This Week: What an East Asian shock really means.

Geography Is Now Part of the Product

Asia’s tightening tech landscape is beginning to reshape European hardware in real time. A disruption in the Taiwan Strait wouldn’t just move containers; it would hit chips, minerals and manufacturing flows Nordic companies rely on. The next shock will be harder to predict. And much harder to design around.

Europe can no longer treat geopolitics as something happening elsewhere. Taiwan still dominates advanced semiconductor manufacturing. Counterpoint Research estimates that TSMC controlled around 71 % of the global advanced-node foundry market as of Q2 2025. And the Economics Observatory notes that over 90 % of the world’s most advanced logic chips were still produced in Taiwan’s ecosystem by 2023.

As AMD CEO Lisa Su put it in a July 2025 interview with Bloomberg:

“We have to consider the resiliency of the supply chain… not just the lowest cost, but also reliability and resiliency.”
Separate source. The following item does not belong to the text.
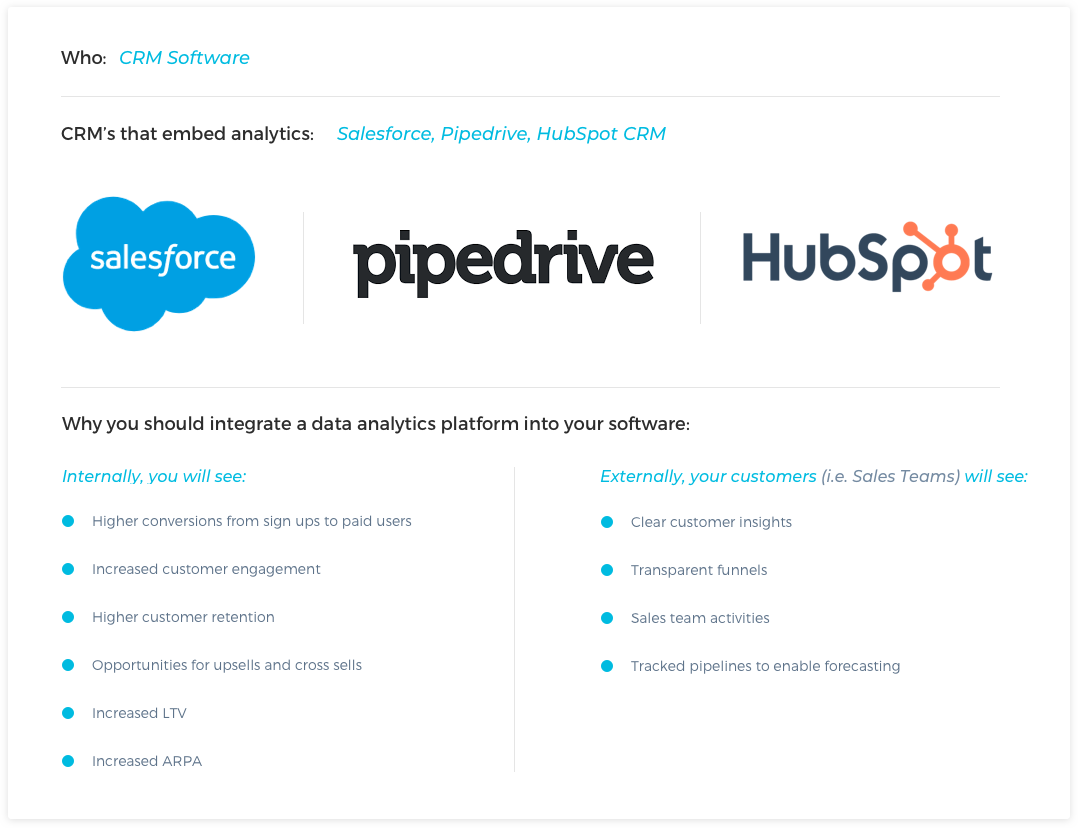 CRM Software Example for Sales Dashboards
A disruption in the Strait would ripple into Nordic robotics, power electronics, industrial controls and energy systems. Even partial interruptions could generate multi-percentage global GDP shocks, accordning to HCSS.

Regulatory pressure is rising too. The US, Japan and EU are tightening export controls on semiconductor equipment. China has countered with restrictions on critical minerals. In December 2024, Reuters reported that Beijing had banned exports of gallium, germanium and antimony These materials sit deep inside Nordic innovation: motors, magnets, batteries, photonics and defence electronics.

Semiconductors are only the first layer of exposure. China still refines much of the world’s rare earths and critical minerals used in motors, specialist alloys and energy systems. The EU’s 2024 Critical Raw Materials Act underscores just how concentrated global refining remains.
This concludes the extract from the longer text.